**Work request:**
Take the material below and output exactly the run of lines from the one containing "overall health 116654277" down to the one containing "Crystal Forest Blue HD Metal print", with both included.

**Input data:**
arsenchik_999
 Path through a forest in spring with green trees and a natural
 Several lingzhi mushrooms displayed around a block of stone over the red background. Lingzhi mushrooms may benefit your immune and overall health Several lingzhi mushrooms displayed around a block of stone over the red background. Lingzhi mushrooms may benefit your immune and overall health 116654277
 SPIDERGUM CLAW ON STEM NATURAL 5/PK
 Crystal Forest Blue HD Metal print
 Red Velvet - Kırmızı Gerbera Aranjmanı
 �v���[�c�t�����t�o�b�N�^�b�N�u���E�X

**Solution to this problem:**
 Several lingzhi mushrooms displayed around a block of stone over the red background. Lingzhi mushrooms may benefit your immune and overall health Several lingzhi mushrooms displayed around a block of stone over the red background. Lingzhi mushrooms may benefit your immune and overall health 116654277
 SPIDERGUM CLAW ON STEM NATURAL 5/PK
 Crystal Forest Blue HD Metal print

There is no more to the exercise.